So oder so: Der Begriff Frauenliteratur ist nicht neutral, sondern negativ konnotiert. Die Romane z. B. von Martin Walser hingegen werden nicht als »Männerliteratur« gehandelt, obwohl es dafür Argumente gäbe.

Der unscharfe Begriff Frauenliteratur soll Autorinnen und die Literatur über Frauen herabwürdigen. Kein neuer Befund, doch unsere Gegenwart schreit nach Veränderung, und das Bewusstsein für Ungerechtigkeiten aller Art wächst. Es wird aufgepasst und gezählt: Wie viele Frauen tauchen wo, wie oft und wie prominent auf? Die Pilotstudie »#frauenzählen« zur Sichtbarkeit von Frauen in den Medien und im Literaturbetrieb aus dem Jahr 2018 fand auf diese Weise heraus, dass auf eine besprochene Autorin zwei Autoren kommen. Und nicht nur das: Drei Viertel aller von Männern besprochenen Werke sind von Autoren verfasst. Kritikerinnen besprechen zwar hinsichtlich des Geschlechts ausgewogener, aber ebenfalls überwiegend Männer. Auch die Literaturwissenschaftlerin Nicole Seifert beginnt irgendwann zu zählen. Ihre Bestandsaufnahme: Lediglich ein Drittel ihres Bücherregals ist mit Autorinnen belegt. Deshalb bespricht sie in ihrem Literaturblog nachtundtag ausschließlich Literatur von Frauen. In ihrem gerade erschienenen Buch Frauen Literatur. Abgewertet, vergessen, wiederentdeckt lässt sie ihre eigene Lesehistorie Revue passieren und erläutert, wozu es führt, wenn die Werke von Autorinnen seltener, auf weniger Platz und mit anderem Anspruch besprochen werden.
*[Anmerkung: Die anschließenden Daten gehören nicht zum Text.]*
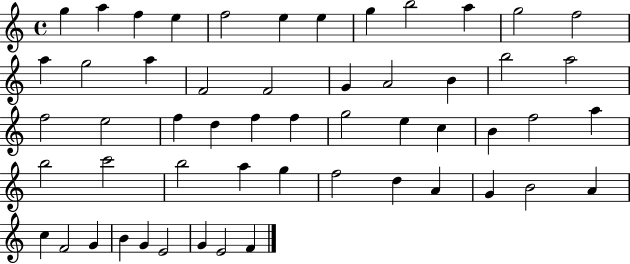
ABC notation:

X:1
T:Untitled
M:4/4
L:1/4
K:C
g a f e f2 e e g b2 a g2 f2 a g2 a F2 F2 G A2 B b2 a2 f2 e2 f d f f g2 e c B f2 a b2 c'2 b2 a g f2 d A G B2 A c F2 G B G E2 G E2 F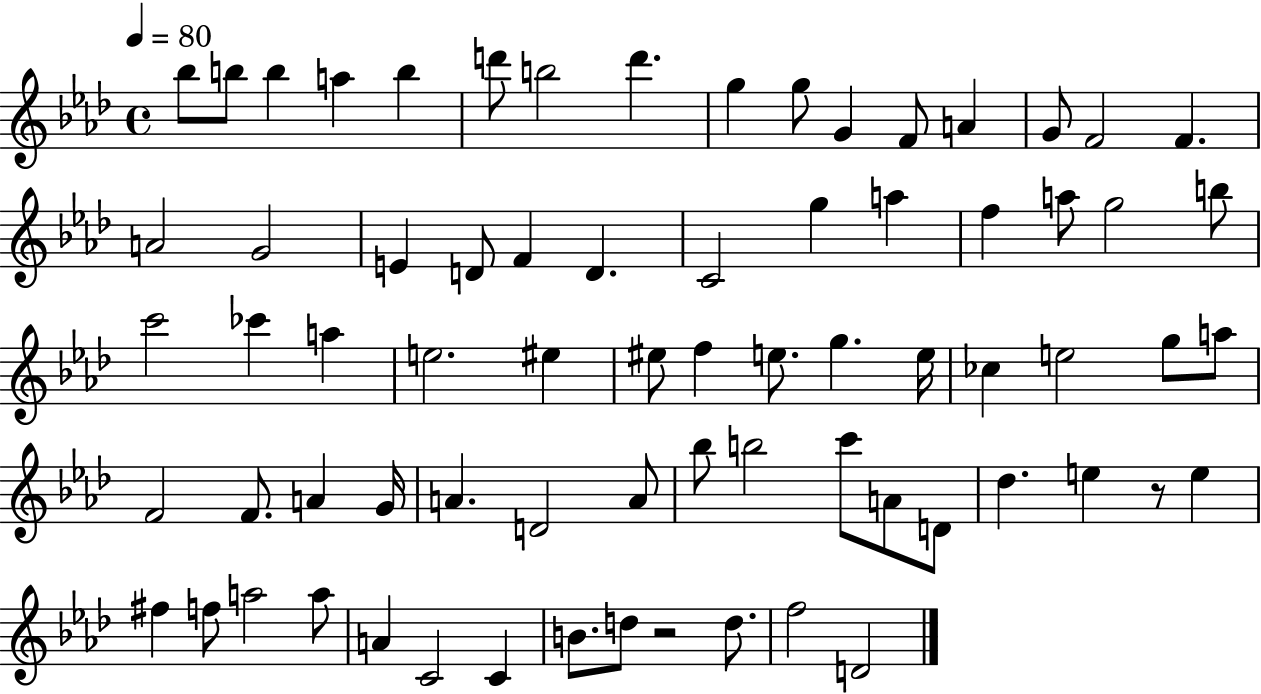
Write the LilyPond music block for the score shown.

{
  \clef treble
  \time 4/4
  \defaultTimeSignature
  \key aes \major
  \tempo 4 = 80
  \repeat volta 2 { bes''8 b''8 b''4 a''4 b''4 | d'''8 b''2 d'''4. | g''4 g''8 g'4 f'8 a'4 | g'8 f'2 f'4. | \break a'2 g'2 | e'4 d'8 f'4 d'4. | c'2 g''4 a''4 | f''4 a''8 g''2 b''8 | \break c'''2 ces'''4 a''4 | e''2. eis''4 | eis''8 f''4 e''8. g''4. e''16 | ces''4 e''2 g''8 a''8 | \break f'2 f'8. a'4 g'16 | a'4. d'2 a'8 | bes''8 b''2 c'''8 a'8 d'8 | des''4. e''4 r8 e''4 | \break fis''4 f''8 a''2 a''8 | a'4 c'2 c'4 | b'8. d''8 r2 d''8. | f''2 d'2 | \break } \bar "|."
}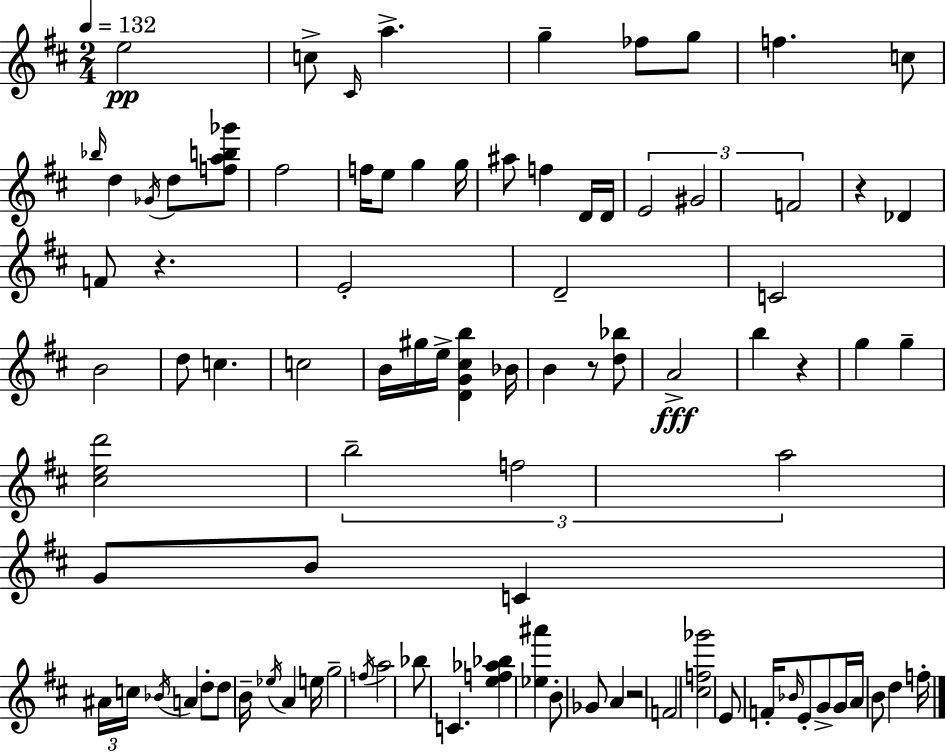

Sie schreibt: »Diese Art der ungleichen Beurteilung legt den Grundstein dafür, dass die Werke von Autorinnen auch in Literaturgeschichten, akademischen Handbüchern und den Auflistungen wichtiger Bücher weniger vorkommen, dass sie also schlechter kontextualisiert und kanonisiert werden.« Und das hat Konsequenzen: Denn wer nicht kanonisiert wird, bleibt oft gar nicht im Gedächtnis. Als Beispiel dient Seifert das Schicksal der Schriftstellerin Gabriele Reuter (1859–1941) Gabriele wer? Genau, das ist das Problem. Selbst wer Literaturwissenschaften studiert hat, muss sie nicht kennen. Dabei war sie eine frühe deutsche Bestsellerautorin. Ihr 1895 erschienener Roman Aus guter Familie machte sie schlagartig berühmt. Er erschien ungefähr zeitgleich mit Theodor Fontanes Evergreen Effi Briest. Doch während Fontane und sein Ehebruchklassiker in Schulen, Universitäten und Bücherregalen immer noch sehr lebendig ist, fehlt von Gabriele Reuter beinahe jede Spur. Woran liegt das? Nicole Seifert: »Weniger Raum, schlechtere Platzierung und die Markierung als ›von einer Frau, über Frauen, für Frauen‹ innerhalb der Literaturkritik machen im Falle von Gabriele Reuter die Marginalisierung aus. Das sieht heute leider nicht besser aus (…) Einzig das Kinder- und Jugendbuchgenre erscheint als ausgeglichenes Genre; die als intellektuell oder ›maskulin‹ empfundenen Genres wie Sachbuch und Kriminalliteratur werden von Autoren wie Kritikern vereinnahmt.« Jede und jeder kann sich selbst einmal fragen, welche Autorinnen sie oder er in der Schule gelesen hat. Ich selbst komme auf eine einzige, Leonie Ossowski (Die große Flatter). Andere nennen Annette von Droste-Hülshoff (Die Judenbuche) oder kamen ohne Autorinnen durch ihre Schulzeit.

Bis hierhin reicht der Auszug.